A new study of
dog genetics reveals numerous genes involved in starch metabolism, compared
with wolves. It backs an idea that some dogs emerged from wolves that were able
to scavenge and digest the food waste of early farmers, the team tells Nature journal. No-one
knows precisely when or how our ancestors became so intimately connected with
dogs, but the archaeological evidence indicates it was many thousands of years
ago. One suggestion is that the modern mutt emerged from ancient
hunter-gatherers' use of wolves as hunting companions or guards. But another
opinion holds that domestication started with wolves that stole our food
leftovers and eventually came to live permanently around humans as a result. "This
second hypothesis says that when we settled down, and in conjunction with the
development of agriculture, we produced waste dumps around our settlements; and
suddenly there was this new food resource, a new niche, for wolves to make use
of, and the wolf that was best able to make use of it became the ancestor of
the dog," explained Erik Axelsson from Uppsala University.

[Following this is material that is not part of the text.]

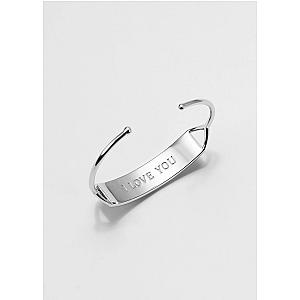 Touchstone* I Love You Cuff Silver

The Swedish-US team scanned the DNA sequences of the two types of
canid for regions of major difference. These would be locations likely to
contain genes important in the rise of the domesticated dog. Axelsson's group
identified 36 such regions, carrying a little over a hundred genes. The
analysis detected the presence of two major functional categories - genes
involved in brain development and starch metabolism. In the case of the latter,
it seems dogs have many more genes that encode the enzymes needed to break down
starch, something that would have been advantageous in an ancestor scavenging
on the discarded wheat and other crop products of early farmers. Domestication
may have forced dogs into a permanent state of puppyhood . "Wolves also
have these genes but they don't use them as efficiently as dogs," said Dr
Axelsson. "When we look at the wolf genome, we only see one copy of the
gene [for the amylase enzyme] on each chromosome. When we look at the dog
genome, we see a range from two to 15 copies; and on average a dog carries
seven copies more than the wolf. "That
means the dog is a lot more efficient at making use of the nutrition in starch
than the wolf."
As far as the brain development genes are concerned, these
probably reflect some of the behavioral differences we now see in the two
canids. The dog is a much more docile creature, the likely consequence of early
humans preferentially working with animals they found easier to tame.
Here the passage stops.